自身は「絶対に出ない」と決めていたそうだが、若手の擁立が困難だったことも要因だ。「40代後半、50歳前後などいろいろな人にアタックした。1人は6回ぐらいお会いして『これはいける』と思ったが、大川の異常な議会があることによって『無理です』となる。万が一誰も出なければ大変なことになる、市長も親分の言いなりになっているということで、自分自身が後悔すると思った」と明かした。
データマックス政治担当記者で人権団体代表の近藤将勝氏は「大川市は、ある市議会議員と行政の執行部が繋がっていて、それを恐れて若い人たちも出にくい環境がある。近隣の自治体では若手の市長が次々誕生している中で、大川市も改革をしなくてはいけない。それをどうするかというところで、江藤さんが最終的に手を挙げられたのではないか」との見方を示す。
大川の駅は前市長時代から9年議論され、2023年12月の議決結果は賛成「10」、反対「4」だった。しかし江藤氏は、4年の任期の中で「議会改革はできる」と語る。「早ければ1年以内、2年後ぐらいに市議会議員選挙がある。今は10対4で、あと3人ぐらいこちらに引き抜けばなんとかなる。そんなに心配はしていない」。
■同じ「77歳」は政界引退…政治家に年齢は関係ナシ?
元総理大臣で立憲民主党の菅直人氏(77)は8日、政界を引退する理由として年齢をあげ、「これまでそう大きな病気をしないで元気に活動してきたが、そうは言ってももう77歳」と述べている。
江藤氏は「今のところ血圧も何の薬も飲んでいなく、40度近くなるようなところで選挙運動もしたが、全くの健康だ。後継者のことも考えている」とした上で、「あと4年間やれるかということを、みなさんがどう思うか。私はやってもいい気はしている」と述べた。
さらに、「若さはある意味年齢ではない。意志が強く、きちんとした向き合い方があれば保てるもの。逆に、若くても意志がなければ年寄りと一緒だ。私自身はきちんとした目標があるから、それはやり遂げる。夢を抱いたり、良くしよう・改善しよう、悪いものとは戦うという姿勢は絶えず必要だ」との考えを示す。

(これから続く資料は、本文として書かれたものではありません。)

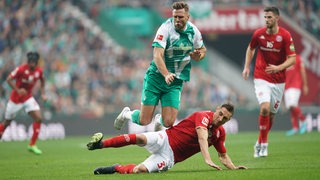 Werder-Stürmer Niclas Füllkrug fliegt nach einer Grätsche durch die Luft.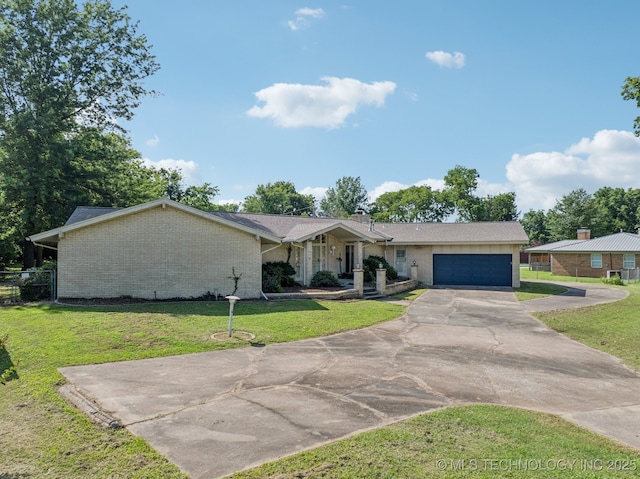 1234 S 101st E Ave, Tulsa, OK 74128 - view of front of property featuring brick siding, concrete driveway, and a garage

これにリディラバ代表の安部敏樹氏は「現職の方が47歳で比較的若いが、77歳の江藤さんのほうがある意味フレッシュ。新しい目線で問題提起ができ、むしろそれが今までされてこなかったわけだ。年齢以上に、経験が少なくても問題意識がある人が政治家になることが大事だと思う。さらに、周りが支持しているのであればかなり可能性があるのではないか」とした。